PICK 11.03 – Skyy Moore (WR – KC)

PICK 12.10 – Dameon Pierce (RB – HOU)

It’s the double-digit rounds, which means it’s “rookie upside time.” Skyy Moore had a 41% dominator rating in his senior year in college while averaging 3.40 yards per route run. His landing spot couldn’t have been any better, either, as he joins a Patrick Mahomes-led offense that no longer employs Tyreek Hill as its WR1.

Pierce is an interesting one. There are definitely negatives, most notably his 28% carry share and 12% dominator rating at Florida. If he landed with any other team, I wouldn’t have near as much interest. That said, I like Marlon Mack as much as the next guy, but as an RB, he’s shown to be nothing more than “just a guy” and has had injury-plagued seasons. If Pierce can translate his 39% missed tackle rate to the NFL, I could see him taking the reins of that backfield.

PICK 13.03 – Deshaun Watson (QB – CLE)

PICK 14.10 – Marlon Mack (RB – HOU)

Ordinarily, I wouldn’t even take a QB as a backup to Brady, but Watson fell too far. His suspension issues still loom, but there’s zero risk to that for me if I have Brady already. In Watson’s last three full seasons, he finished QB4, QB5, and QB5.

This pick was about hedging my Pierce pick with Mack. Technically right now, he’s listed as the RB1 on the team, and this is the cheapest RB1 you’ll get in drafts. Dameon Pierce certainly poses a threat to make this a committee approach, but Rex Burkhead and Royce Freeman do not, so I like having both late in the draft to see how camp shakes out.

PICK 15.03 – Los Angeles Rams D/ST

PICK 16.10 – Robbie Gould (K – SF)

The last two picks round out my team nicely.
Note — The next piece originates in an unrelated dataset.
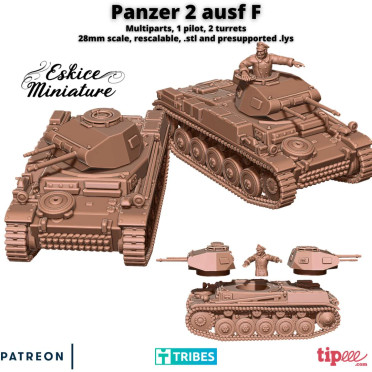 Panzer II ausf F avec pilote - Fichiers 3D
I may be higher on the Rams D than the consensus, but they have 50 sacks in three straight seasons, which provides a nice baseline for D/ST points, and key pass rusher Aaron Donald is returning after there were hints of retirement.

Many kickers were gone, so I’m OK with Gould, who continues to produce on FGs as he enters his 17th (wow) season in the NFL. Matt Prater was also considered here on an offense that should be a little more dynamic.